AACR President, 2022-2023
Hildegard Lamfrom Endowed Chair in Basic Science Professor and Chair, Department of Cell, Developmental & Cancer Biology
Associate Director for Basic Research, Knight Cancer Institute
Oregon Health & Science University Portland, Oregon

There has been tremendous progress in our fundamental understanding of cancer biology during my decades-long career as a scientist. Remarkable discoveries in basic research have led to the development of lifesaving treatments for patients with cancer, resulting in a steady reduction in the overall U.S. cancer mortality rate year after year. I am also very optimistic about the future of cancer science and medicine, because of the new wave of innovations that are just over the horizon and are set to fundamentally improve cancer detection and treatment.

One of the most important lessons learned over the past two decades is that cancer is not a single disease, but a collection of over 200 different types of diseases. We have also learned that, even within a single tumor, a multitude of cell types with different mutations exists. This complexity is one of the reasons that cancers are so difficult to treat. The contributions of the tumor microenvironment, which includes the immune system as well as other cells, further increase the complexity of cancers. With the tremendous boom in sequencing technology over the past two decades, we can further understand these complexities using cutting-edge tools, such as tumor microdissection, single cell sequencing, and proteomics. These technologies have led to an explosion of data, necessitating cross-disciplinary approaches that require cancer biologists, bioinformaticians, computational biologists, and chemists working together to identify the cellular and molecular pathways important for cancer pathogenesis. This type of research is essential for investigators to create drugs to target those vulnerabilities and stop cancer in its tracks. I anticipate that the costs of these sequencing technologies will become even more affordable to the point where personalized medicine approaches are applied to every future patient, dramatically improving their treatment options and transforming patient outcomes.

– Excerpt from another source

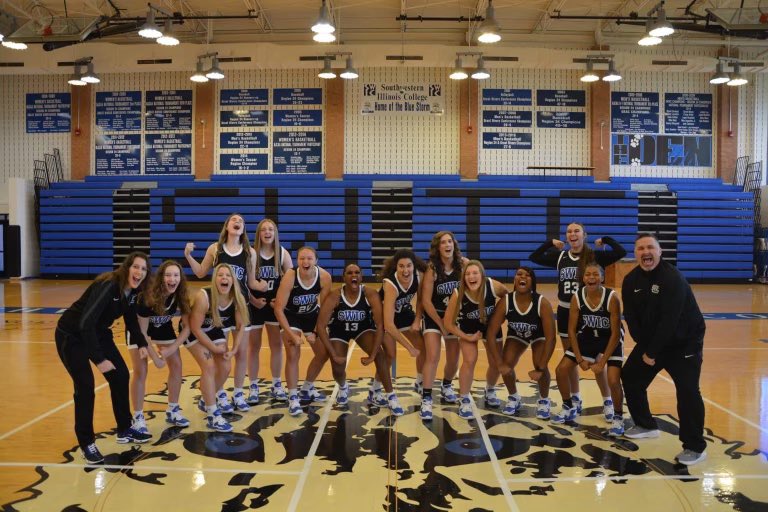 SWICWBB's tweet image. @SWICWBB locks up today with a great defensive effort and holds off Shawnee CC 61-54 for a huge win! We move to 20-7 overall, 9-4 in the GRAC (2nd)  and 9-5 in region 24 (3rd) with two games to go in regular season. Great team effort!! #grindimproverepeat #flippedthescript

One area of cancer medicine where we have evidenced unprecedented progress is immune oncology, which leverages the power of immune cells to thwart cancer progression and tumor growth. In particular, the area of adoptive cell therapies, such as CAR T-cell therapies, has changed the treatment landscape for patients with certain hematologic malignancies. We are now beginning to appreciate the potential of other immune cells beyond T cells that can be leveraged to fight tumors, such as natural killer cells and macrophages. Many of these therapies are currently being tested in clinical trials and are set to vastly increase the diversity of immunotherapy options for patients within the next decade. Other immune-based therapies, such as immune checkpoint inhibitors, unleash the power of the immune system to fight cancer, and have improved patient outcomes across many types of cancer. It is important to note that every single advance in developing new and effective treatments for cancer has its roots in a basic research discovery. For instance, the development of checkpoint inhibitors is rooted in the study of basic T-cell biology, which led to the knowledge of the molecular pathways important for their cancer-fighting capabilities, paving the way for this class of immunotherapies.

One of the biggest challenges in cancer research and patient care continues to be the lack of diversity in oncology clinical trials and in genetic databases, such as The Cancer Genome Atlas, which predominantly contains samples from patients of European ancestry. It has been only within the last 25 years that we have begun to appreciate how genetic variants found in populations of shared ancestry contribute to cancer incidence and mortality. Biologists, population scientists, and epidemiologists are working together to decode genetic data and address social determinants of health for better understanding and treatment of cancers in diverse groups of people. In addition to racial and ethnic minorities, increasing our knowledge of the challenges faced by other medically underserved populations, such as sexual and gender minorities and those who are socioeconomically deprived, is required for equitable and culturally appropriate cancer care. Increased funding from our government is necessary to better understand these populations and their unique risk factors so that appropriate intervention strategies can be implemented.

Increasing the participation of medically underserved populations in scientific studies and clinical trials demands a more diverse cancer workforce. While we have made some gains in closing the gender gap in medical science, we still lack racial, ethnic, socioeconomic, and geopolitical diversity. Increasing diversity among researchers and clinicians is crucial for expanding the conversation across the cancer continuum, affording unique perspectives to tackle new questions. I am extremely proud that AACR is playing a leading role in crafting solutions to help increase diversity in cancer research and science by improving the gender balance, as well as by identifying the problems surrounding the lack of diversity.

Basic research is integral to understanding why normal cells become cancerous and it requires continued support both from governmental bodies, such as NIH and NCI, and nonprofit and philanthropic organizations, such as AACR. I often tell my students that you cannot understand how to fix something unless you know why it is broken. Such questions are only addressed through basic research, making it vital that we continually increase our investments in this area. It is these investments that have led to remarkable gains in reducing cancer incidence by implementing effective prevention strategies; in lowering the chances of late-stage disease by detecting cancers earlier; and in reducing cancer mortality by improving treatment options.